ABOUT THIS EXERCISE: The expected answer is a verbatim transcription of the lines below, beginning with the first and ending with the line that holds "Mattel Barbie Rozprávková morská panna oranžová Mattel", without pictures.

PROVIDED INFORMATION:

+-------+

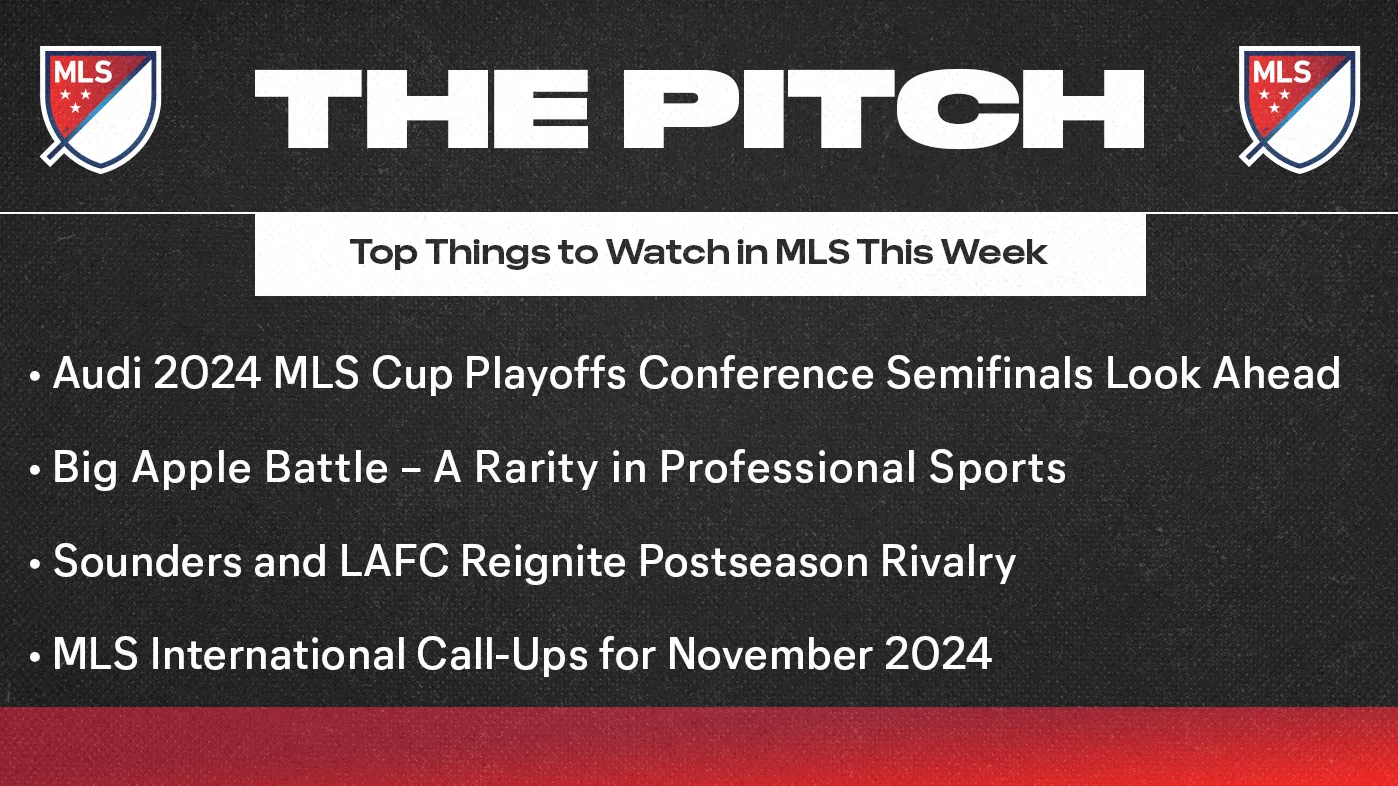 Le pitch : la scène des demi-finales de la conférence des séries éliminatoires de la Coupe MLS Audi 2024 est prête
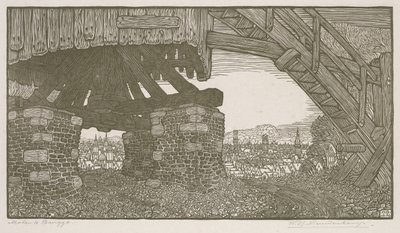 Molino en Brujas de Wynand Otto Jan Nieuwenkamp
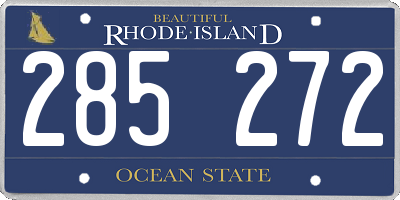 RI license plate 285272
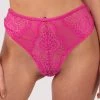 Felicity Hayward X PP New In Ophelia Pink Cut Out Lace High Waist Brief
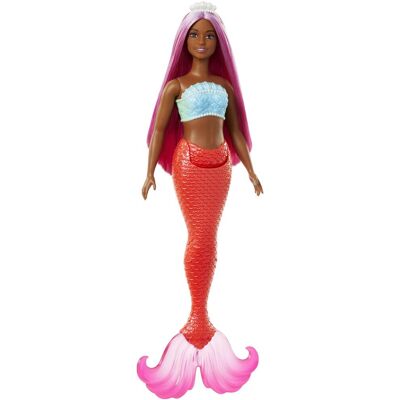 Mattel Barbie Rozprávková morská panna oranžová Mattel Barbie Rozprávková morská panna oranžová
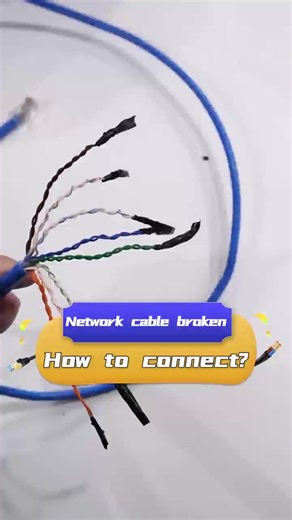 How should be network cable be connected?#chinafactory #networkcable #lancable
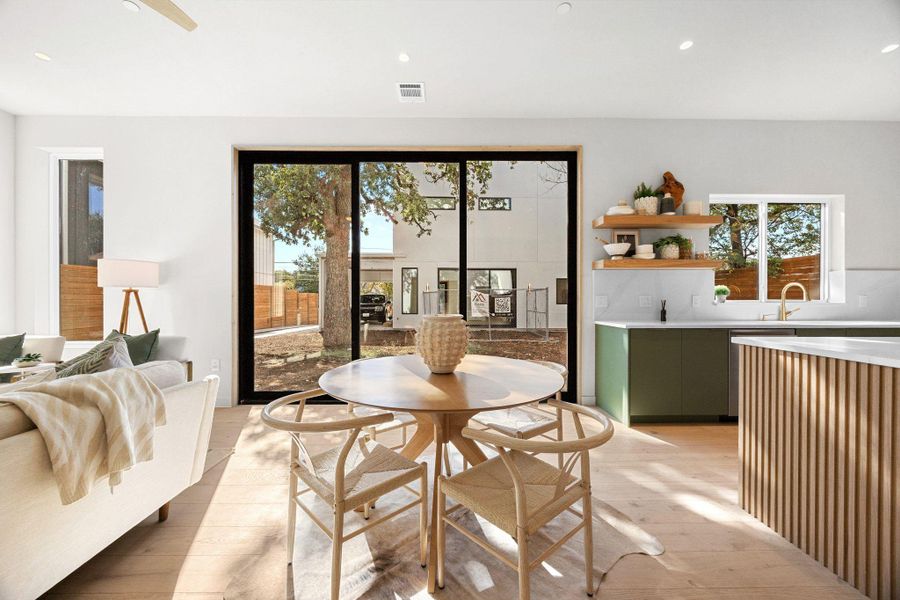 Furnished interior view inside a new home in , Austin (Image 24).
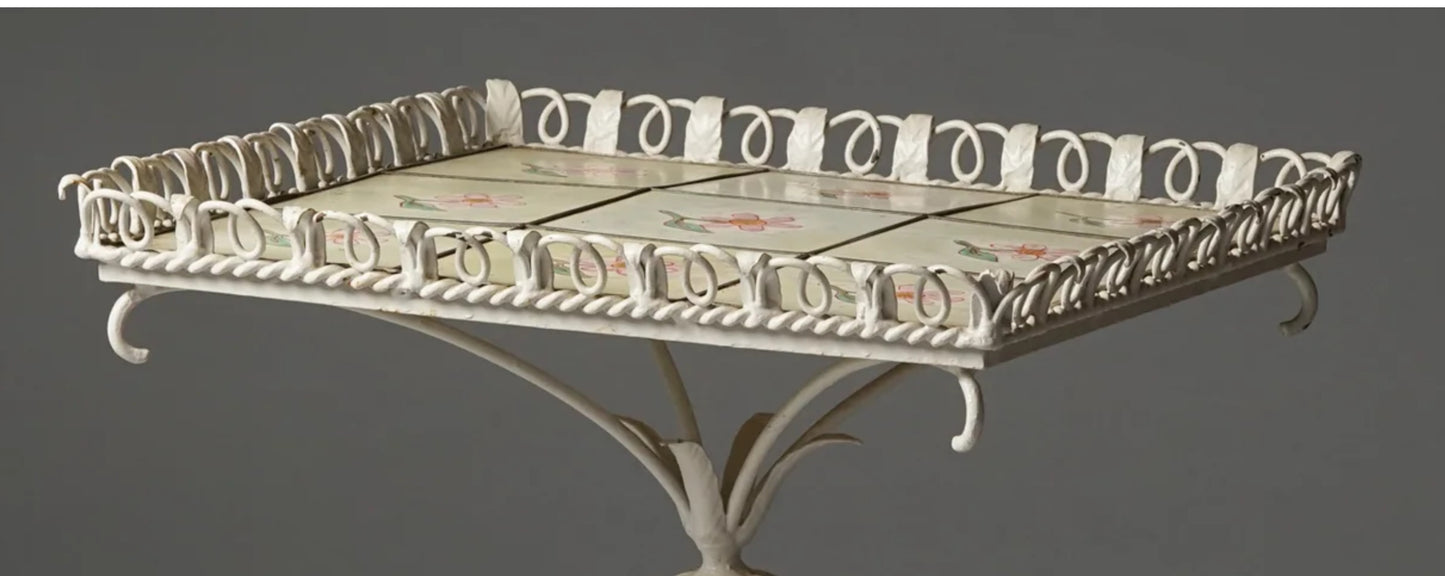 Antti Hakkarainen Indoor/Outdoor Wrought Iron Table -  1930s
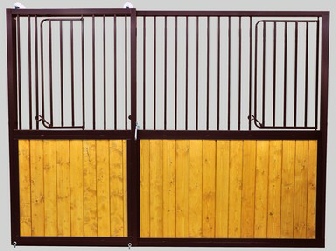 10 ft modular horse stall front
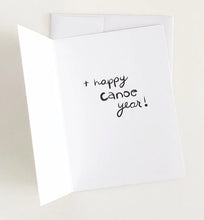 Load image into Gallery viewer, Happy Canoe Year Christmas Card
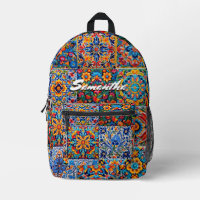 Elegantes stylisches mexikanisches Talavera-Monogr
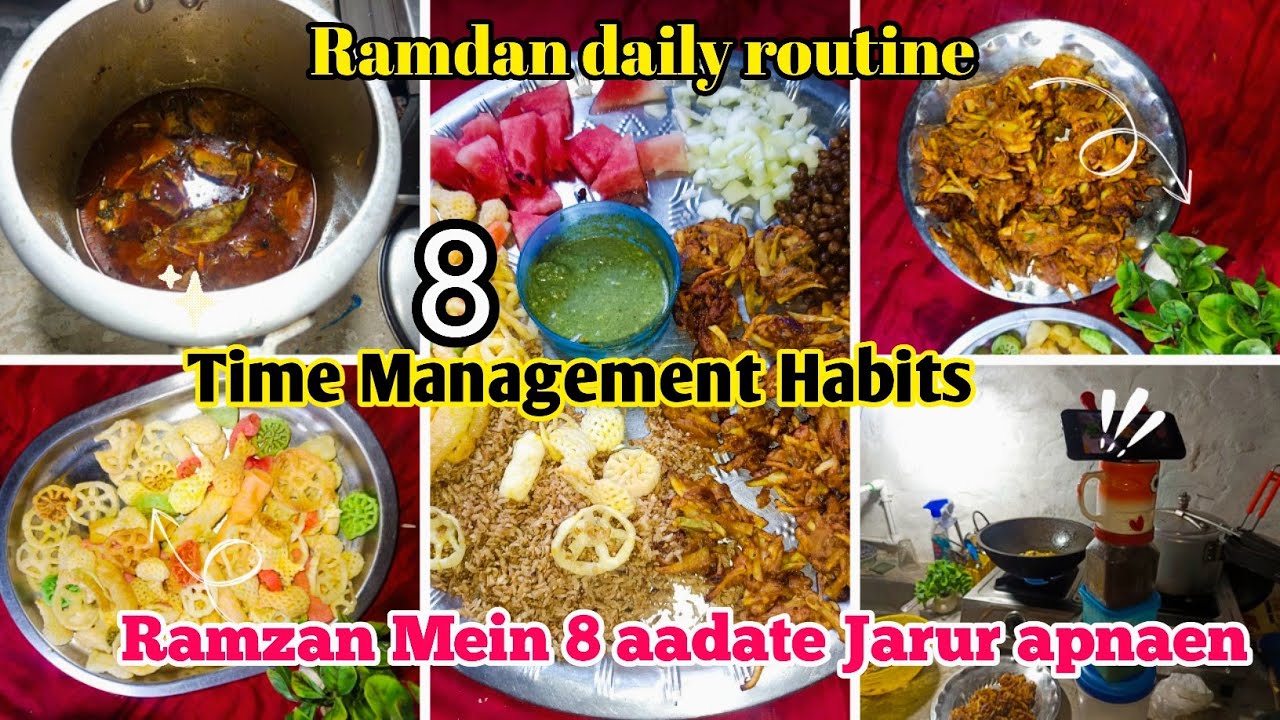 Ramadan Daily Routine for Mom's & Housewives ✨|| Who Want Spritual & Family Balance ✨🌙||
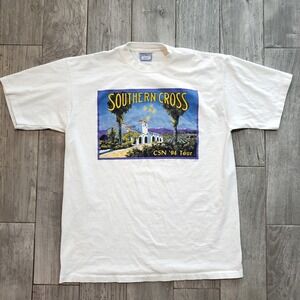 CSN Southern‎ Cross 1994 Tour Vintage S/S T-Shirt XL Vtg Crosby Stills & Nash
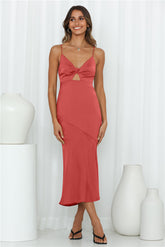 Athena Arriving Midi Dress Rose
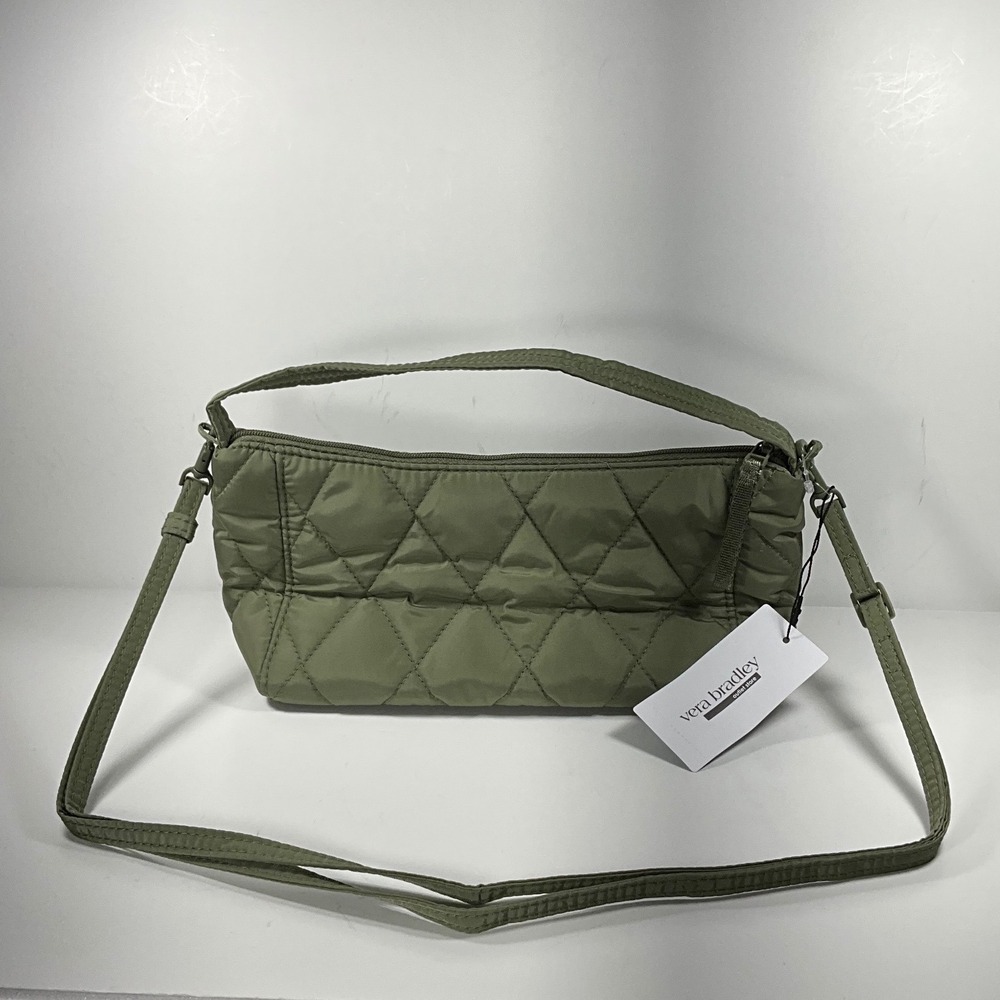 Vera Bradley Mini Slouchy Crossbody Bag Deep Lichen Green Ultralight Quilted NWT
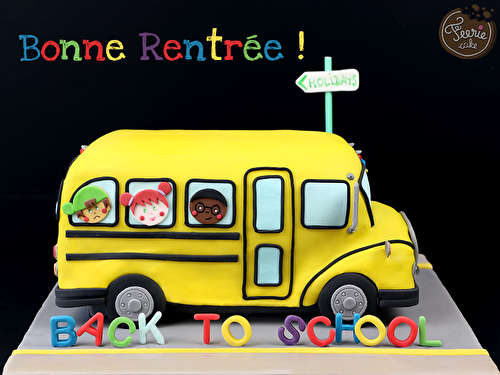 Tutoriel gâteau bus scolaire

+-------+

PROBLEM SOLUTION:
 Le pitch : la scène des demi-finales de la conférence des séries éliminatoires de la Coupe MLS Audi 2024 est prête
 Molino en Brujas de Wynand Otto Jan Nieuwenkamp
 RI license plate 285272
 Felicity Hayward X PP New In Ophelia Pink Cut Out Lace High Waist Brief
 Mattel Barbie Rozprávková morská panna oranžová Mattel Barbie Rozprávková morská panna oranžová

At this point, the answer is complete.